■ PROBLEM TO SOLVE: Beginning with the line that contains "I ended up getting" and ending with the line that contains "All right let's", reproduce the lines of the entries below exactly, omitting pictures.

■ EXERCISE INPUT:
══════════

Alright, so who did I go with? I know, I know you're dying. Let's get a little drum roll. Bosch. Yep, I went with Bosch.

══════════

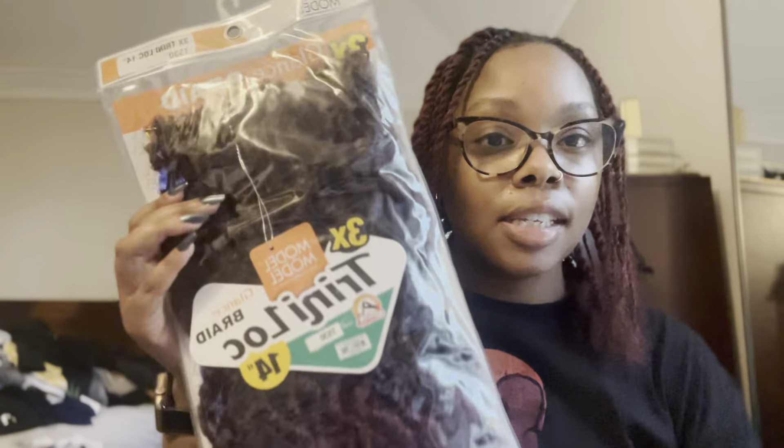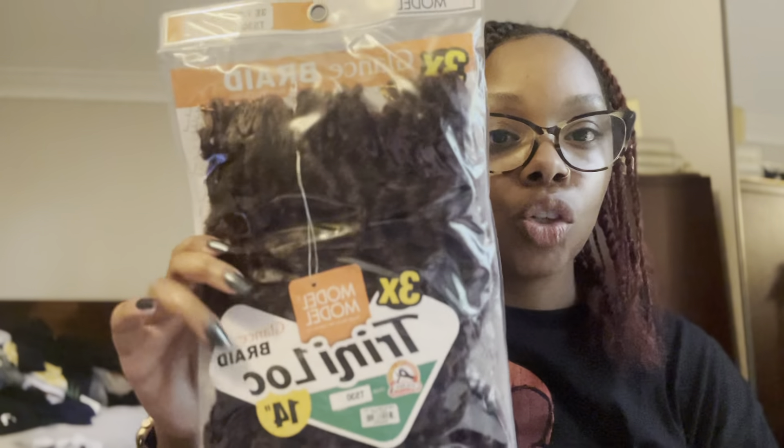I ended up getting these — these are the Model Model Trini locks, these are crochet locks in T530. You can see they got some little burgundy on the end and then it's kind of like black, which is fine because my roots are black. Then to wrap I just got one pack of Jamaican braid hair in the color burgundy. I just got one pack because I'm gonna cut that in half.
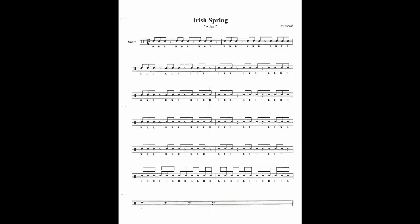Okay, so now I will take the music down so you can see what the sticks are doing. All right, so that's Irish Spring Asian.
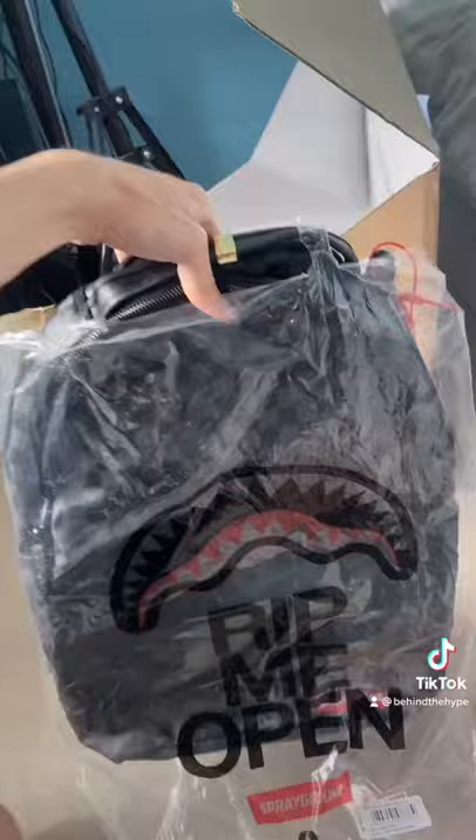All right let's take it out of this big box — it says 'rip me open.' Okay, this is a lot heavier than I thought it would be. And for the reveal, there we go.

══════════

■ ANSWER FOR THE TASK:
I ended up getting these — these are the Model Model Trini locks, these are crochet locks in T530. You can see they got some little burgundy on the end and then it's kind of like black, which is fine because my roots are black. Then to wrap I just got one pack of Jamaican braid hair in the color burgundy. I just got one pack because I'm gonna cut that in half.
Okay, so now I will take the music down so you can see what the sticks are doing. All right, so that's Irish Spring Asian.
All right let's take it out of this big box — it says 'rip me open.' Okay, this is a lot heavier than I thought it would be. And for the reveal, there we go.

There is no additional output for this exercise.